Groen, en in zekere mate ook sp.a, kiezen voor een gewestmodel. Voor Groen betekent dit zelfs dat het Brusselse Hoofdstedelijk Gewest ook alle gemeenschapsbevoegdheden uitoefent. Concreet wil dit zeggen dat er bijvoorbeeld geen onderwijs meer wordt georganiseerd door de Vlaamse Gemeenschap in Brussel, maar alleen nog Brussels onderwijs. Het is onbegrijpelijk dat Groen het Vlaamse onderwijs in Brussel wil afbouwen, want dit is net een succes. Groen loopt hier zusterpartij Ecolo blindelings achterna en gooit het kind weg met het badwater. Een gewestmodel verdedigen, dat is Brussel overlaten aan de Franstaligen.
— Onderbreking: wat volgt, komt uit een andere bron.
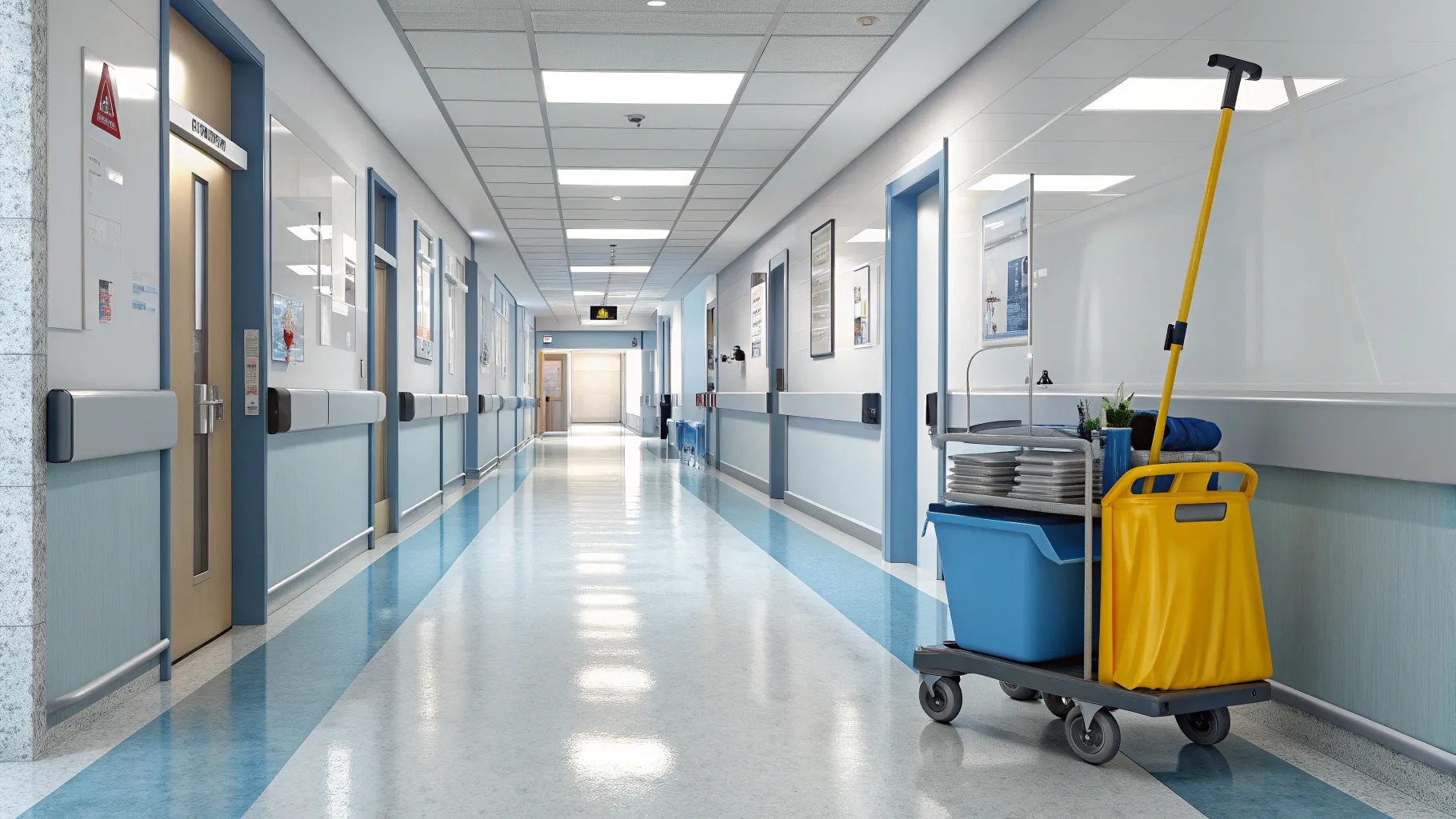 病院でのシニア向け清掃・管理の仕事 Clean and safe hospital corridor for elderly patients.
Bovendien kan dergelijk model op basis van de gewesten nooit werken. Dit betekent dat men de Vlaamse Gemeenschap uit Brussel wegjaagt. Maar waarom zou Vlaanderen blijven betalen voor Brussel, indien het in Brussel niets meer te zeggen heeft? Zo dom zijn we toch niet? Indien de Brusselaars zelf naast de gewestbevoegdheden ook alle gemeenschapsbevoegdheden uitoefenen, dan laten de Brusselaars zelf Vlaanderen los. Dan moet Vlaanderen maar zijn eigen toekomst uitbouwen, zonder Brussel. Het gewestmodel leidt onvermijdelijk naar het model-Crols.
Franstalige reacties
Langs Franstalige kant wordt elk Vlaams voorstel over Brussel deskundig afgeschoten. Deze keer is dit niet het geval. Het V&W-model laat de Franstaligen immers toe om zich te organiseren op de manier die ze zelf kiezen.
Brussels minister Céline Fremault (cdH) vindt het V&W-voorstel om Brussel te vereenvoudigen zelfs verleidelijk. Ze voegt er in La Libre Belgique meteen aan toe: ‘créer des doubles casquettes entre le gouvernement flamand et le gouvernement bruxellois, c’est prendre un risque énorme car cela renforcerait l’emprise des néerlandophones sur Bruxelles’. Zo bewijst Fremault meteen dat het V&W-model inderdaad de Vlaamse aanwezigheid in Brussel versterkt. Dat is ook de bedoeling.
Kunnen Franstaligen iets inbrengen tegen het voorstel om minstens één minister tegelijk te laten zetelen in de Vlaamse en de Brusselse regering? Echt niet, want de wet laat het toe. Meer nog, Franstaligen hebben het al vaak zelf gedaan. Tussen 1995 en 1999 is de minister voor Cultuur van de Franse Gemeenschap zelfs Charles Picqué, op dat ogenblik ook Brussels minister-president. Wat men zelf doet, kan men de ander toch niet beletten te doen? Dit weekend, naar aanleiding van de Brusselse Iris-feesten, komt ook Olivier Maingain (DéFi) met voorstellen over Brussel. En wat blijkt? Maingain stelt voor dat alle ministers van de Franse Gemeenschapsregering ook lid zijn van de Waalse regering of van de Brusselse regering. Wat Maingain voorstelt aan Franstalige kant, kan hij toch moeilijk ontzeggen aan de Vlamingen?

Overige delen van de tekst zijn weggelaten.